To improve what we do as an industry, we need to innovate. To improve quickly, we need to innovate bravely. Every attempt at innovation involves a risk that the innovation might not work – nothing ventured, nothing gained.

So the point can be made validly that a one-off client is better off selfishly relying on innovations fostered by others rather than adding to the spread of fresh technology directly.However long-term clients who aim to generate long programmes of work to improve and extend their asset base have a great incentive to strongly encourage innovation, as their future projects should reap those rewards.

Innovation used to be centrally encouraged – great British organisations like BRE, CIRIA and TRL have noble pedigrees for both excellent long-term research on behalf of the industry and a mission for its widespread dissemination to all practitioners.  Their funding models have now changed and so the ability of the industry to harness seed-corn government funds to innovate together is diminished.

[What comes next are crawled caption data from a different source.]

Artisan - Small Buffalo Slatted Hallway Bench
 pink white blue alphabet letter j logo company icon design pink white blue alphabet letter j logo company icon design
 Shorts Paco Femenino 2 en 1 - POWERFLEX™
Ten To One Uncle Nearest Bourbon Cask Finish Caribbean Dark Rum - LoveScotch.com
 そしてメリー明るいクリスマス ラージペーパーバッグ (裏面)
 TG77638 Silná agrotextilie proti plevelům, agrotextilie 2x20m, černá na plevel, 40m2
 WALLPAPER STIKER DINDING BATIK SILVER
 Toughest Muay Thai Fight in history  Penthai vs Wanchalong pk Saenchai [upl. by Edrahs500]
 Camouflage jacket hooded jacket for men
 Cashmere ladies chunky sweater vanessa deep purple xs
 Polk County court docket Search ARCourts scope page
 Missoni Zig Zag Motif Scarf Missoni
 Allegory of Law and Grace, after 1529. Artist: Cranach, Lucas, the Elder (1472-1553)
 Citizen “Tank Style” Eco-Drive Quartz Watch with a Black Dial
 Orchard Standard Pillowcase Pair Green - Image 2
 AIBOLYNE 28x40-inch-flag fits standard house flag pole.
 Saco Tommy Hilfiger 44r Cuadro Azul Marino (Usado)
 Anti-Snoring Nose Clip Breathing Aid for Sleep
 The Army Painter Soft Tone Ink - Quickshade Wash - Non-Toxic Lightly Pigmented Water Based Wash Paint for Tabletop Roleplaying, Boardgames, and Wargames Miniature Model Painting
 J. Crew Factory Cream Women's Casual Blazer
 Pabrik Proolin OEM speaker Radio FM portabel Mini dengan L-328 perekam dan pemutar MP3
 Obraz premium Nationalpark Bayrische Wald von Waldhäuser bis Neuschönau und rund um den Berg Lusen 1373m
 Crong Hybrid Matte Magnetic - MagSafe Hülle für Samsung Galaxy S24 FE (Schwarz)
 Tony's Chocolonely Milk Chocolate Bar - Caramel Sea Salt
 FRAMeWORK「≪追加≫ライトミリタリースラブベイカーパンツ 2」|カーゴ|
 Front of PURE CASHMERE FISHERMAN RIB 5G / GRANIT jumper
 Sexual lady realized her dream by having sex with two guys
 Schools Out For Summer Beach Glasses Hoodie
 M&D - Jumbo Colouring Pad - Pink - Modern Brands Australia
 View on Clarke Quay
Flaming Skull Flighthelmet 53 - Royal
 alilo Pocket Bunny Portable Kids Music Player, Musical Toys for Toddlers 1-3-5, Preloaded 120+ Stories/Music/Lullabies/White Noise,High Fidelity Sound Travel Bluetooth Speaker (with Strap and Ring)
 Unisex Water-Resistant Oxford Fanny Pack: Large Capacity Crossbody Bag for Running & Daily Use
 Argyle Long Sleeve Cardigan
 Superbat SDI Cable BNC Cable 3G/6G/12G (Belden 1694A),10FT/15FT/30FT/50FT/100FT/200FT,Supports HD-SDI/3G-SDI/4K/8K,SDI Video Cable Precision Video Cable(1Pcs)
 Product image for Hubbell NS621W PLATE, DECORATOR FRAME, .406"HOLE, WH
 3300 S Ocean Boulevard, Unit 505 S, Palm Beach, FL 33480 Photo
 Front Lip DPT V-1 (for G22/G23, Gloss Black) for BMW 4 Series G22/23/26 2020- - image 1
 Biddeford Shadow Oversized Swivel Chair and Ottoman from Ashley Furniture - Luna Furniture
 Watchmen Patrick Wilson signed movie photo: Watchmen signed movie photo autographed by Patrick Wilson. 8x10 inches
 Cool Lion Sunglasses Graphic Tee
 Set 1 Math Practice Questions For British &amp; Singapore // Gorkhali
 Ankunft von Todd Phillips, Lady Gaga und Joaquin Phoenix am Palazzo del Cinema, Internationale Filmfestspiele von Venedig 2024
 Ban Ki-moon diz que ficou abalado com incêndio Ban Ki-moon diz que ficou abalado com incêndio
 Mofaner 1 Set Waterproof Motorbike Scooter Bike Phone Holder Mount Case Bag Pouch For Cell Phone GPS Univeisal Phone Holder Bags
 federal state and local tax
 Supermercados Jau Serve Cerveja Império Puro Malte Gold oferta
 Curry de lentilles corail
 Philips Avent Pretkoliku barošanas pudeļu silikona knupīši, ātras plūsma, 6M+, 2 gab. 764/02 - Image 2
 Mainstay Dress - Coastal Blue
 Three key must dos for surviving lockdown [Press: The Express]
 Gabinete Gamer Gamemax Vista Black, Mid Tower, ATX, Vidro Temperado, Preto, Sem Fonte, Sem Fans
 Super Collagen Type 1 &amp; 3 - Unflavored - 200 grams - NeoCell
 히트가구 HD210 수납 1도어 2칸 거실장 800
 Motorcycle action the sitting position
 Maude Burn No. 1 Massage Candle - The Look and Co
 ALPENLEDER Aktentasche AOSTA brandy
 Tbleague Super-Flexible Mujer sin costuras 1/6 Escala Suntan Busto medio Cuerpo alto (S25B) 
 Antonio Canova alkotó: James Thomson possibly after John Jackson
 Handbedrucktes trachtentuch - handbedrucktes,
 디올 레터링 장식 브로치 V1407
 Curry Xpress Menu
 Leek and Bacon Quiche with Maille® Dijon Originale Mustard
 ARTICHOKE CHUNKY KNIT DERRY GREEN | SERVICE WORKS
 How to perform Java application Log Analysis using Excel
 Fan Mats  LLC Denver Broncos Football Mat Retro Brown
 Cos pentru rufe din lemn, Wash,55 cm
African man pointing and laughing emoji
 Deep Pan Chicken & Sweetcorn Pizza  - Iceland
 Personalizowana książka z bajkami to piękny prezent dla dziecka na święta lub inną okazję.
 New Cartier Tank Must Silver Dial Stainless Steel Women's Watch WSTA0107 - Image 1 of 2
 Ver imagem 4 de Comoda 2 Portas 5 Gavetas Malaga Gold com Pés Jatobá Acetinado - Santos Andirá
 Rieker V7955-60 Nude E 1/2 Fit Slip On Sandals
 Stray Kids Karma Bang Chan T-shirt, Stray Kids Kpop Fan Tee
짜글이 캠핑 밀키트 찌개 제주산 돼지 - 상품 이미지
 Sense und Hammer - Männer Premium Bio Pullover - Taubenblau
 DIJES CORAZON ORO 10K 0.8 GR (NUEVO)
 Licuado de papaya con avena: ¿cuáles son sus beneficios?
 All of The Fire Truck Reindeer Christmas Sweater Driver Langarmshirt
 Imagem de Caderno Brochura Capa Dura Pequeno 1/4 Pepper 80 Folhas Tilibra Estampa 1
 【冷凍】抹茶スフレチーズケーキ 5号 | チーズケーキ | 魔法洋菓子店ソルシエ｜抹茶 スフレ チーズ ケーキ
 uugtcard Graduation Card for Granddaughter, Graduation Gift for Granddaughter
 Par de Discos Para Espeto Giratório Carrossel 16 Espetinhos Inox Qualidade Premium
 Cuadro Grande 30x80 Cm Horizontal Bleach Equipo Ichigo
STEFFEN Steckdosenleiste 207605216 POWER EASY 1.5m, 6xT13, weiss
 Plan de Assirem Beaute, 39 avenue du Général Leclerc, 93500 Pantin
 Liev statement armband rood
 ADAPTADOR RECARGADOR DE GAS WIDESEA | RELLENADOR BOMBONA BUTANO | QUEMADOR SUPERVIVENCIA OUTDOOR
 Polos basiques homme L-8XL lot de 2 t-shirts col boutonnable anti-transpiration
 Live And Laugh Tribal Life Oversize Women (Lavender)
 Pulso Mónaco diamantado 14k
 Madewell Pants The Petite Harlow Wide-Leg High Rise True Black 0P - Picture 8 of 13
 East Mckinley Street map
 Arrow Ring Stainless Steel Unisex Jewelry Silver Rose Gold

Those more curious clients who are clear about their overall objectives, can win most from innovation.  If they are prepared to risk trialling new techniques or products there is much to be gained"

Innovation is left to suppliers to try to devise new angles, but commercial pressures mean that many of those products remain proprietary, as the innovators try to recoup their own investment in its development.

Increasingly clients are focussed on key indicators and the challenge to produce more for less often results in single project mindset with a challengingly low budget and a programme that is too tight, as a means to avoid overspend and slippage. This inhibits innovation, as the tight programme precludes either time to think or time to react to the unexpected events which can emerge when new techniques are trialled.

Many of our current procurement processes thus frequently act as a barrier to innovation.

Those more curious clients who are clear about their overall objectives can win most from innovation. If they are prepared to risk trialling new techniques or products, while carefully measuring the outcome, there is much to be gained for them, on their projects, and on subsequent ones too.

And “clients” should be seen more holistically – in principle Crossrail Line 1 is a single project, but Transport for London has had the vision to establish a tunnelling academy in parallel, so that longer term benefits accrue.  All the main asset owning clients should be instigating long term programmes of research to enable them to meet their fundamental business objectives at lower cost and more reliably – hence an asset owner whose operations are afflicted with routine failures that occur apparently at random should have a long-term vision and concerted research programme as to how such events can be minimised to a carefully thought out limit of tolerance.

Vision and clarity of long term business objectives are needed, plus a willingness to instigate programme of research that transcend short term share fluctuations and tribulations, management trends and even the careers of their staff.

Many infrastructure asset owning bodies face very similar challenges in improving what they do over time. They may find it more efficient to share and even to unify their goals and to pool their resources to force those longer term industry trends, into a broad research road-map. The Green Construction Board’s pan-industry statement of endorsement for the Infrastructure Carbon Review could provide a model for such collaboration, although it remains to be seen how such common research can be coordinated and disseminated.

Einstein said that insanity is “doing the same thing over and over again and expecting different results”. We can limit innovation, and instead trust to good fortune that our projects will be delivered increasingly more reliably, more cheaply, more rapidly, more safely and with lower carbon. That would be insanity!